Está armado o palco para uma aventura de tirar o fôlego, onde lances de ação vertiginosa se revezam com passagens contemplativas em que os personagens (especialmente o jovem Rômulo, orientado por seu mestre bretão) procuram entender o que se passa com o mundo que os cerca, pois ninguém ainda conseguiu assimilar verdadeiramente a noção de que o Império Romano, que durante séculos pareceu tão perene quanto o céu, não existe mais. Myrdin conduz os companheiros à sua terra natal, na vasta e misteriosa ilha que foi outrora a província mais setentrional do Império, onde ainda os aguarda uma última batalha, e onde a memória de seus feitos, através da bruma dos séculos, irá dar origem a uma nova lenda.

Um detalhe desagradável, mas que não é culpa do autor, é o fato de que, na tradução brasileira, a tentativa de utilizar uma linguagem "de época", que correspondesse melhor ao clima da história, resultou numa infinidade de frases gramaticalmente defeituosas – a triste realidade é que, hoje em dia, praticamente ninguém mais sabe conjugar corretamente os verbos nas pessoas tu e vós.

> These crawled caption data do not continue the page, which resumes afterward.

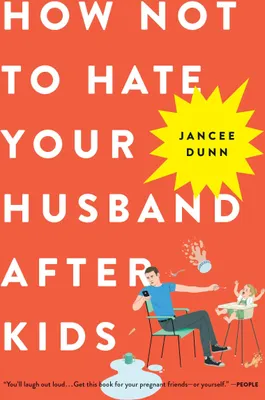 Produktbild von How Not to Hate Your Husband After Kids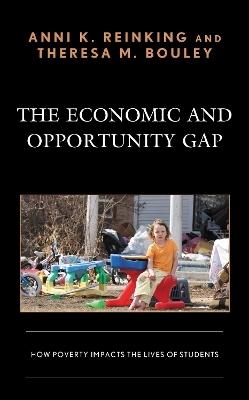 The Economic and Opportunity Gap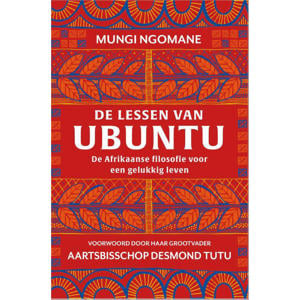 De lessen van ubuntu - Mungi Ngomane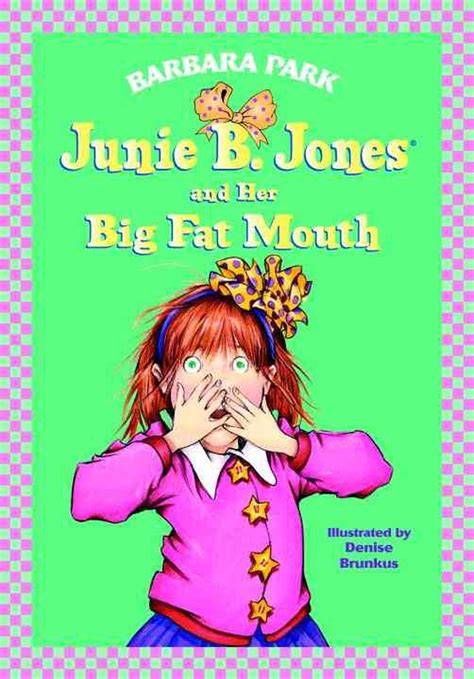 Junie B Jones 3 Junie B Jones And Her Big Fat Mouth By Barbara Park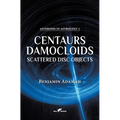 Centaurs, Damocloids & Scattered Disc Objects - Hardcover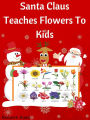 Kids Christmas Fun : Santa Claus Teaches Flowers To Kids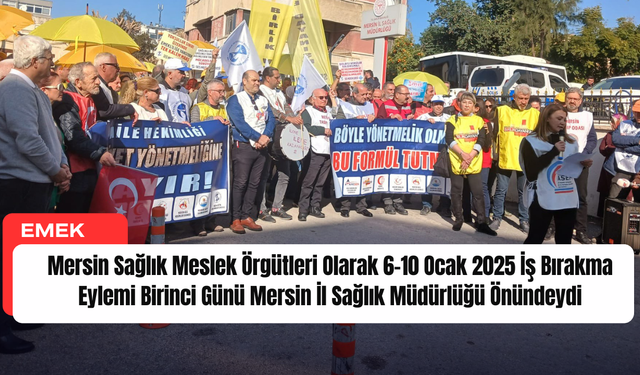 MERSİN'DE SAĞLIK MESLEK ÖRGÜTLERİNDEN İŞ BIRAKMA EYLEMİ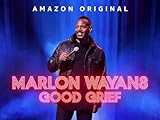 Marlon Wayans: Good Grief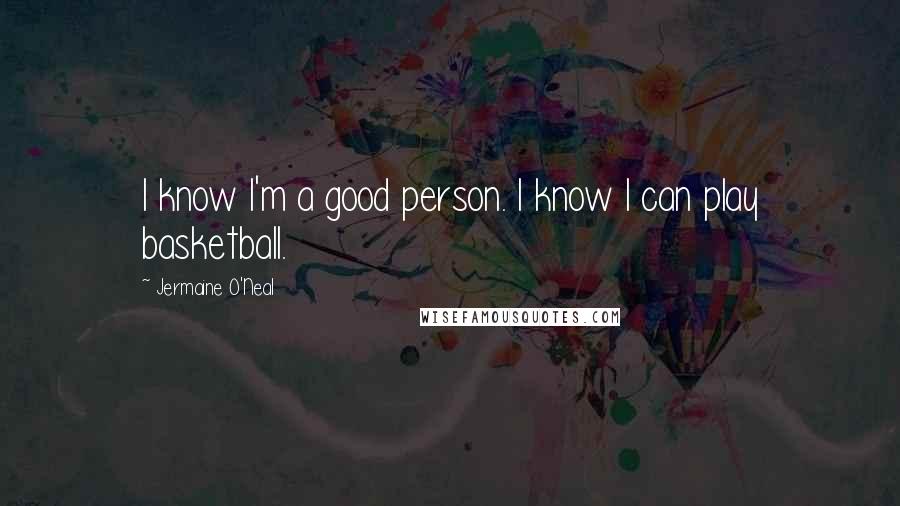 Jermaine O'Neal Quotes: I know I'm a good person. I know I can play basketball.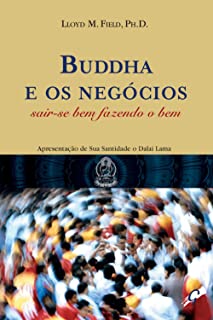 Buddha E Os Negocios - Sair-se Bem Fazendo O Bem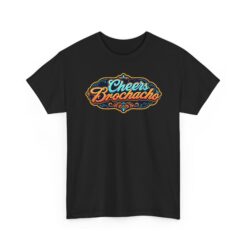 Cheers Brochacho – Unisex T-Shirt – For Bros, Beers, and Big Laughs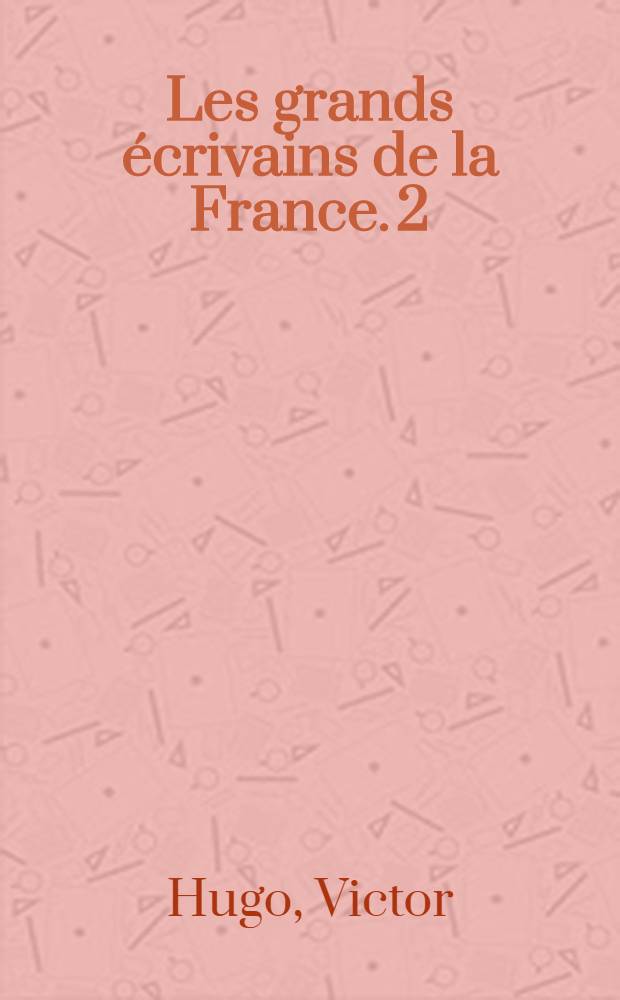 Les grands écrivains de la France. 2 : Légendes des siècles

Para finalizar, uma curiosidade: na nota de agradecimento no começo do livro, o autor "entrega" que já escreveu a história pensando numa futura adaptação para o cinema, o que torna muito lógicas as sequências de ação realmente "visuais" e "cinematográficas" de que o romance está repleto. E quando, meses depois de ter lido A Última Legião, vi no cinema o trailer de Rei Arthur, que estava prestes a ser lançado, confesso que, antes de ficar sabendo do que se tratava, pensei que já fosse o livro de Manfredi transformado em filme!... As paisagens britânicas, aquele guerreiro de elmo e armadura romanos, uma bela arqueira, tudo parecia bater. Leiam o livro e vejam se não me dão razão!... Por fim, faço votos de que o filme A Última Legião não tarde muito a surgir.